CSP report proxy : retrofitting web applications with a CSP-injection proxy

Content Security Policy (CSP) is a content-restriction mechanism used by web applications to mitigate Cross-site scripting (XSS), which is one the most widespread class of vulnerabilities. Many other techniques have been devised to defeat XSS vulnerabilities but, due to the complexity of encoding and validation, they are often bypassed. Despite CSP is an innovative and promising approach, it is currently used by only the 1.2% of the Top 1 Million Alexa websites. As recent studies has proved, due to the complexity of usage, most of the policies found in the wild are too permissive, thus easily bypassable. Our study focuses on the analysis on the issues of the CSP deployment, proposing an approach, called CSP Report Proxy (CSPRP), to retrofit existing web applications with CSP support, automatically generate and deploy CSP policies without the need of using unsafe and easily bypassable policies (e.g., “unsafe eval”) and without the need to change the source code. Because many techniques exist to bypass the most of the CSP policies, we have devised the approach in order to extend the protection of CSP, creating in real-time specific dynamic policies for each page.
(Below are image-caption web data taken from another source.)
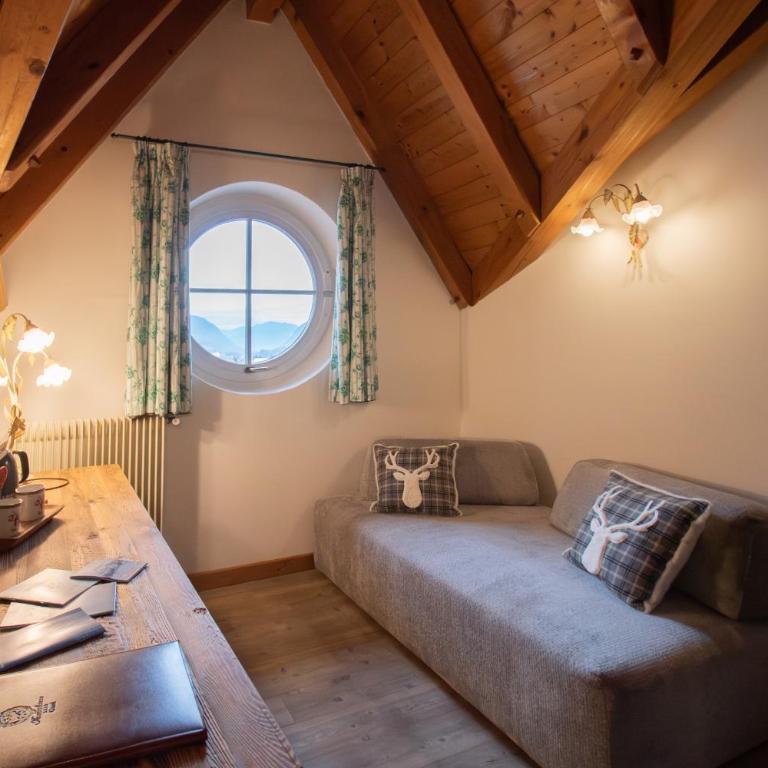 Kaiserkrone Chalet & Spa - Deluxe Suite mit Kingsize-Bett - 2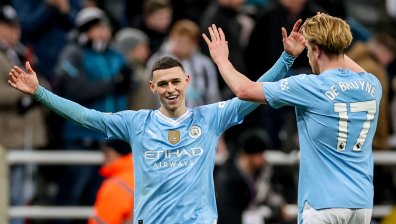 С хеттрик на Фоудън "Ман Сити" обърна "Брентфорд" и се залепи за "Ливърпул"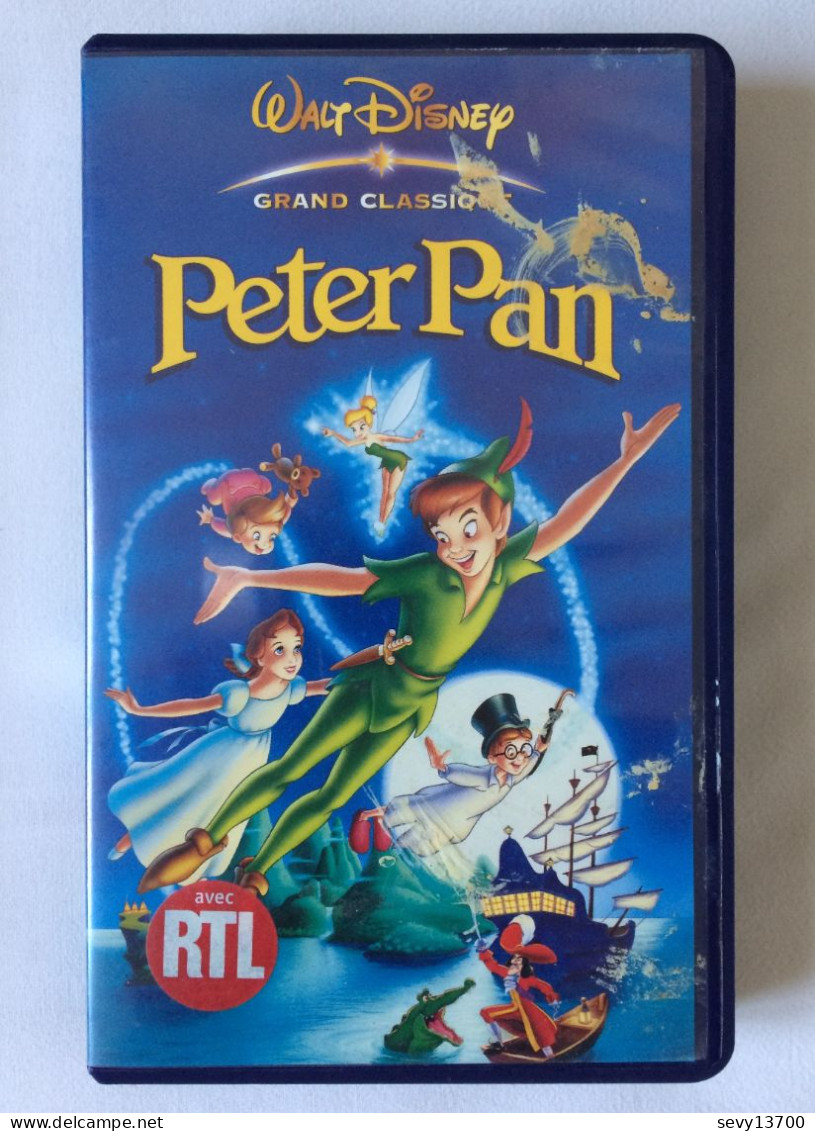 10 cassettes VHS Walt Disney Toy Story, Roi Lion, Pinocchio, Peter Pan, Basil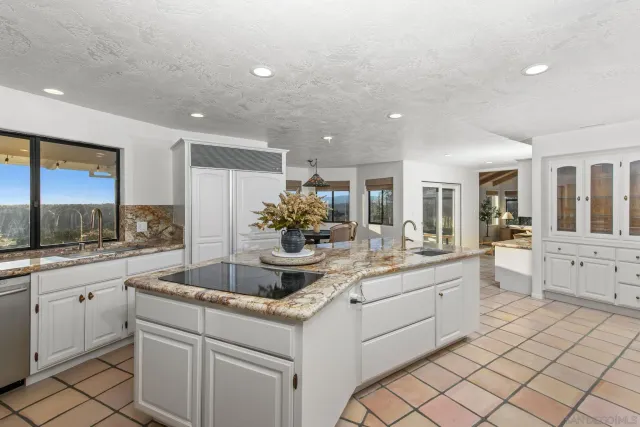 $1,488,000 | 2323 Wilt Road, Fallbrook, CA 92028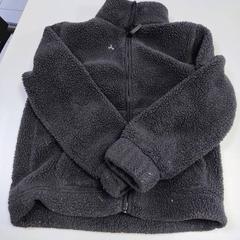 Svetr zwart, jak nahlášeno Centraal magazijn pomocí iLost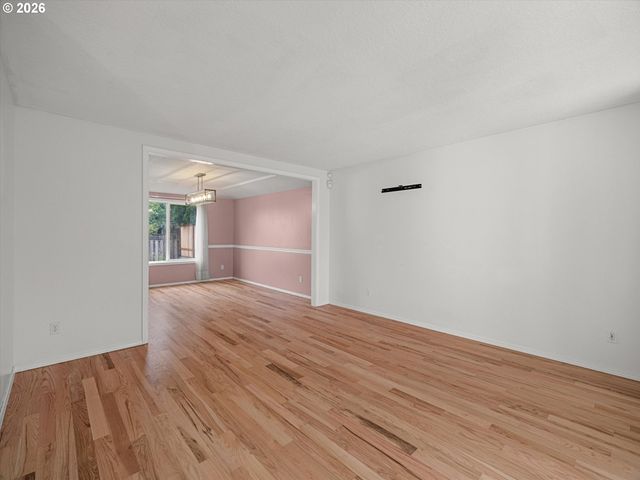 2575 Nw 4TH St, Gresham, OR 97030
We have implemented a prototype of CSPRP and created an overall evaluation on the Alexa Top 100 websites, to test if CSPRP can maintains the original functionality of the web application, covering the 81.5 % of them. We conducted an extensive evaluation on the Alexa Top 10 website to test if CSPRP can properly generate CSP policies for websites with strongly dynamic behaviors, achieving a success rate of 60 %. Finally, we have created seven scenarios of CSP bypasses to test against CSPRP, covering six of these scenarios, and proving that CSPRP can actually be used to generate more secure CSP policies.